From 6 September, shoppers will be able to tap their smartphones on organic products in selected As Nature Intended stores to instantly retrieve the product’s complete supply chain journey.

The scheme uses Near Field Communications (NFC) technology, the same used to tap public transit passes like the Oyster card. This means the information of a product’s journey and exactly what it means to be certified organic will be accessible to shoppers with NFC-enabled smartphones, with no app required.

Linking Provenance’s blockchain design with Soil Association Certification’s databases, a product’s journey enters the blockchain in real time.

Shoppers are able to see information including the certification’s validity, the organic criteria met by the product, a map of its journey, and even photographs from the farm.

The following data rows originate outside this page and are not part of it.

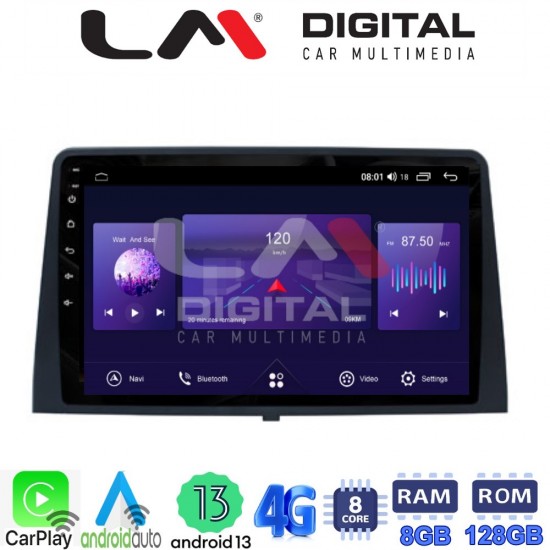 LM Digital - LM ZT8330 GPS Οθόνη OEM Multimedia Αυτοκινήτου για CITROEN BERLINGO - PEUGEOT PARTNER 2019> (CarPlay/AndroidAuto/BT/GPS/WIFI/GPRS)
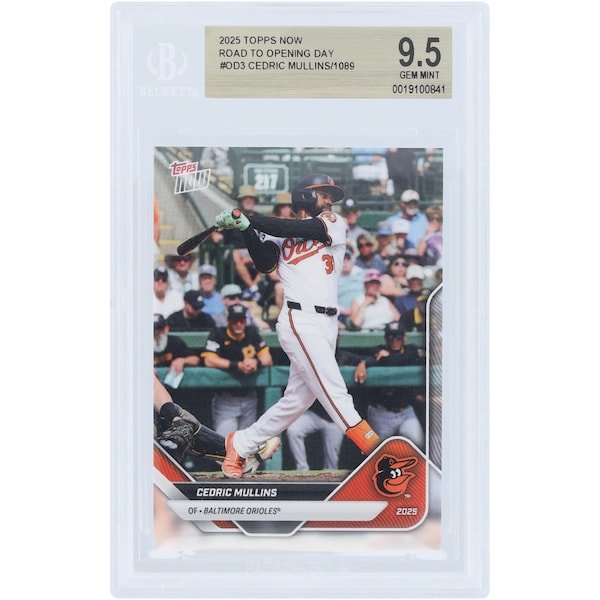 Cedric Mullins Baltimore Orioles 2025 Topps Now Road to Opening Day OD - 3 BGS Authenticated 9.5 Card - The Ballers Bank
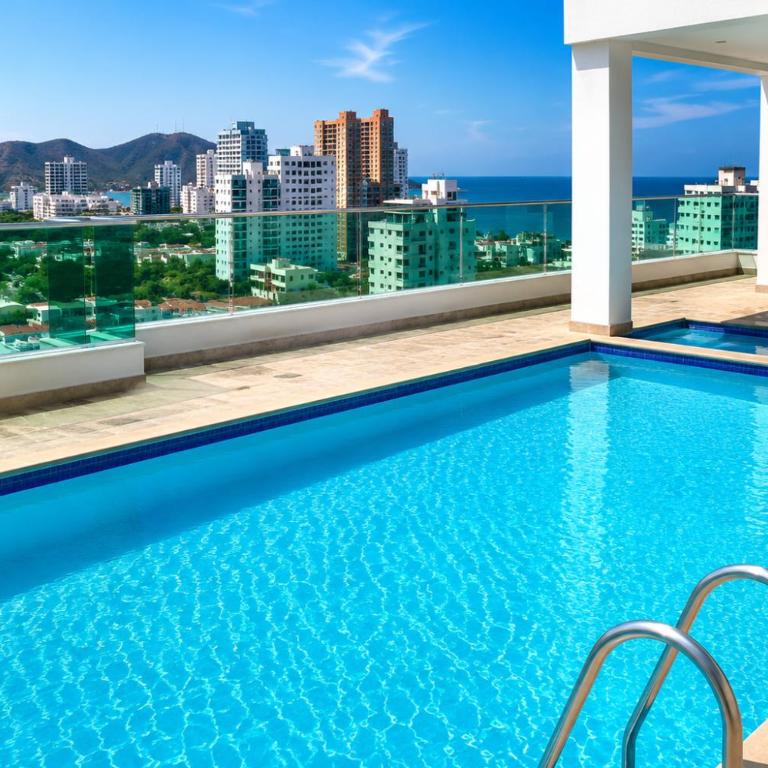 Moderno Apartamento con Balcon en El Rodadero - One-Bedroom Apartment - 14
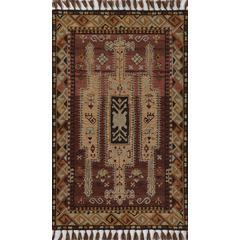 Traditional Runner Area Rug, Terra Cott, 2'3" X 8' Runner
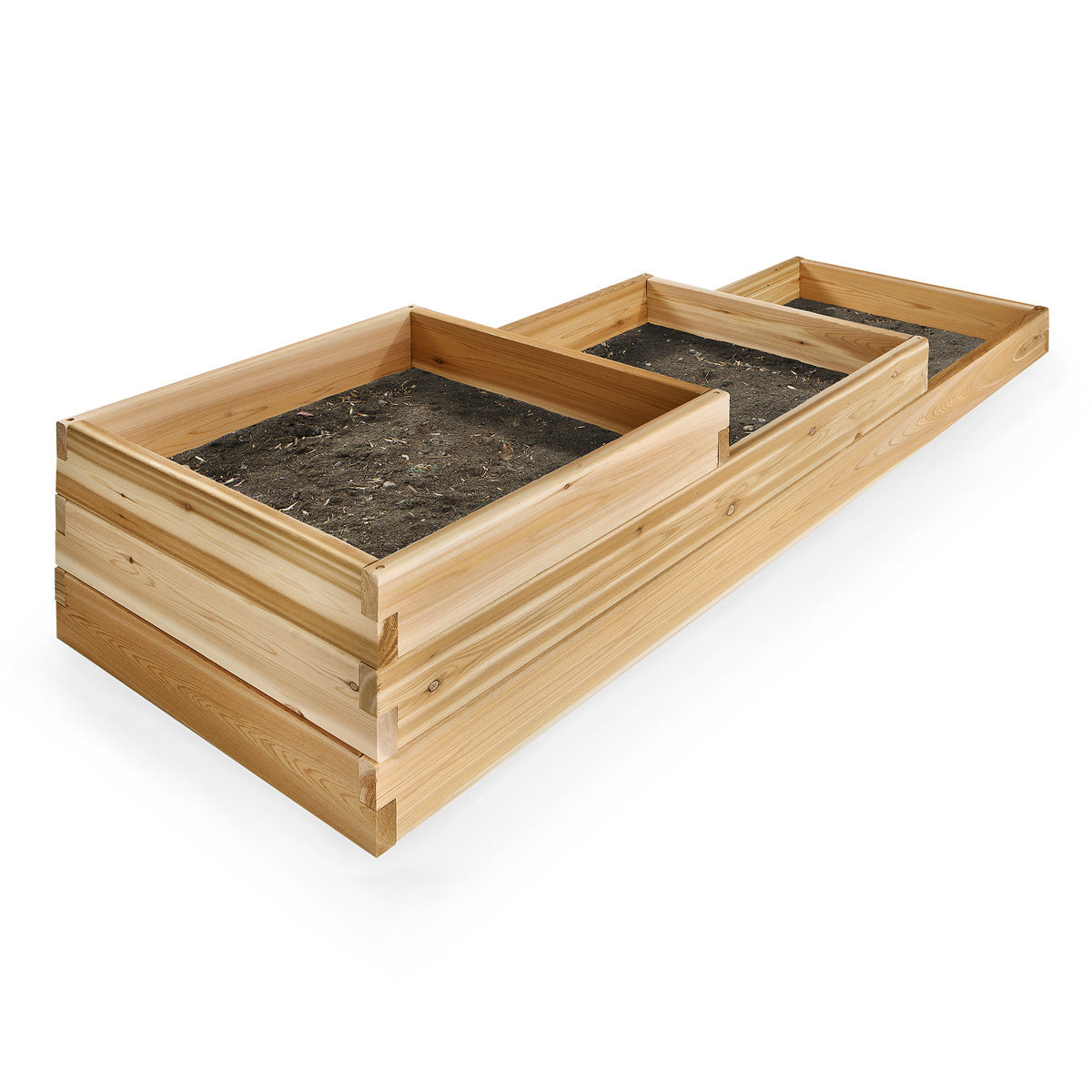 wooden garden planters box three tier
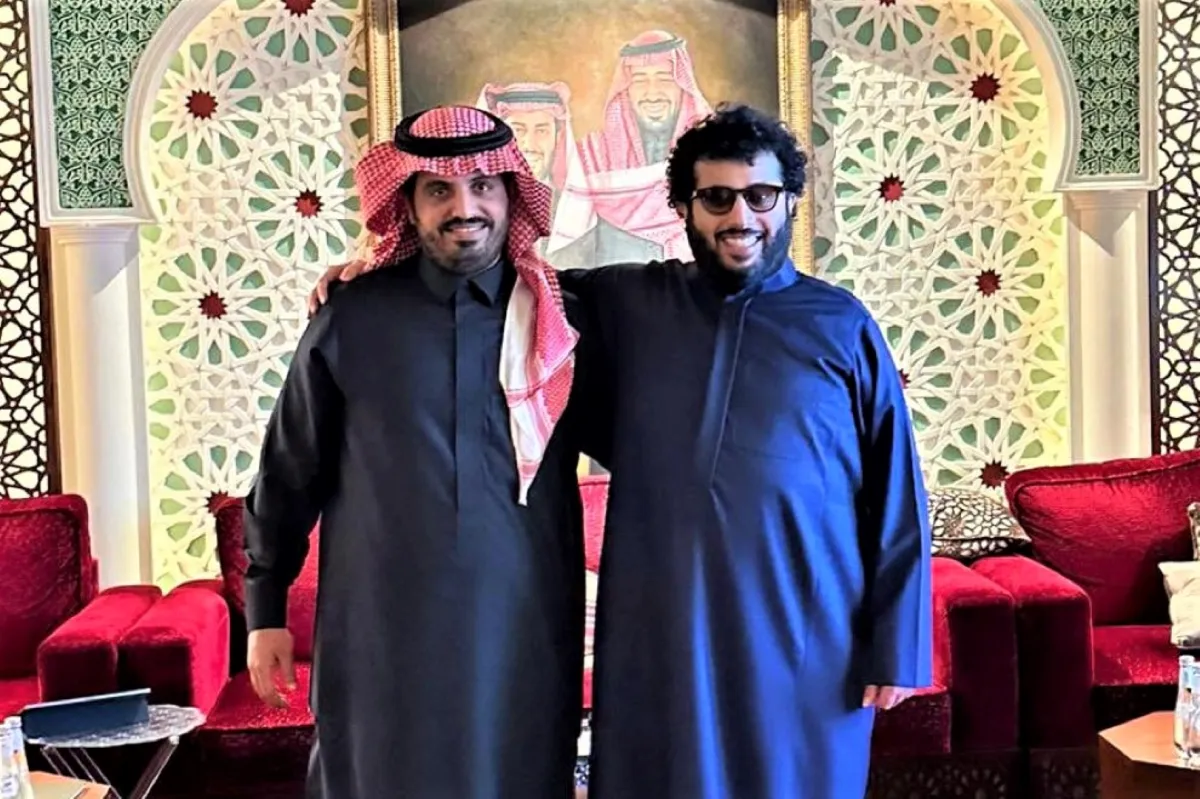 نواف الجبرتي وتركي ال الشيخ -الصورة من حسابه على الانستغرام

Jessi Baker, CEO and founder of Provenance, said: “We're excited to be working with Soil Association Certification to create the world’s first digital certification mark, with key verified data and batches of product stored on the blockchain.

“Provenance exists to help us all be able to shop with confidence knowing we are buying authentic food that matches our values. Our tech brings an easy, secure and trustworthy digital dimension to our food and drinks.”  

The pilot between Soil Association Certification and Provenance is a first for certification programmes in the UK. It builds on the findings from research carried out by Soil Association Certification that identified trust and transparency in supply chains as fundamental to future food shopping for consumers.

In the UK, shoppers are starting to make their voices heard around the issue. Some 70 per cent of respondents in a recent Morrison’s survey objected to fake farm labels and eight out of ten respondents to a QA Research study expressed their desire to know which farm system has been used to produce their meat and dairy products. 

The pilot will initially apply to packs of Eversfield Organics Roam & Relish bacon, continuing until supplies of the specially tagged products run out. Following these initial trials, Soil Association Certification will look to promote the system to other brands and retailers.